En la puerta lateral derecha se encuentra situada la Iglesia de los gentiles. En las jambas ya no hay profetas sino apóstoles, porque estamos frente a la iglesia que ha recibido el mensaje de la encarnación de Cristo. En las claves de sus arquivoltas vemos representado a Cristo y debajo a san Miguel. Las cabezas forman un eje en la parte central de las arquivoltas que separan a los elegidos (parte de la izquierda, más cercana a la parte central y por lo tanto a la Gloria) de los condenados. La representación, aquí, de san Miguel, alude a su función de «psicostasis» que será muy frecuente a partir de ahora en la iconografía medieval.

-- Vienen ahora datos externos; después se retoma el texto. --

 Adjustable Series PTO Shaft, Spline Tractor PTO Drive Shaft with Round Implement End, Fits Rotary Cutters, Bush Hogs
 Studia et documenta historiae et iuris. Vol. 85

El arcángel san Miguel será el encargado del «peso de las almas» para decidir quién puede y quién no pasar a la Gloria.
La parte izquierda de estas arquivoltas recoge las penas infernales. Sorprende ver cómo el Maestro Mateo y sus discípulos llegan ya a una especificación nunca alcanzada en el Románico: encontramos demonios atenazando la lengua a un personaje (símbolo de la blasfemia), una serpiente comiéndole el sexo a una figurilla (símbolo de la lujuria), un personaje comiendo al que un dogal enrollado al cuello le impide tragar (símbolo de gula). Estos detalles que rayan en lo anecdótico y pintoresco, junto con la libertad de movimiento y expresión que alcanzan las figuras de todo el conjunto de la portada, nos anuncian la llegada del arte Gótico.
El arco lateral de la derecha, con su representación de los elegidos en la otra mitad, concluye el relato apocalíptico: «Después de esto miré y vi una muchedumbre grande que nadie podía contar ... Éstos son los que vienen dé la gran Tribulación y lavaron sus túnicas y las blanquearon en la sangre del Cordero» (Ap 7, 14). Con él se completa la visión de la Jerusalén celeste, de la Gloria apocalíptica agrupada alrededor de la impresionante figura de Cristo. Enlaza, además, el pasado con nuestro presente, pues en él estamos representados todos nosotros. También nosotros formamos parte de esta Iglesia limitada pero fuerte, porque Cristo sigue estando en el centro abrazándolo todo. El rostro plácido de esta figura de piedra está volviendo a susurrarnos que «tengáis paz en mi. En el mundo habéis de tener tribulación; pero, ¡ánimo!, yo he vencido al mundo» (Jn 16,33).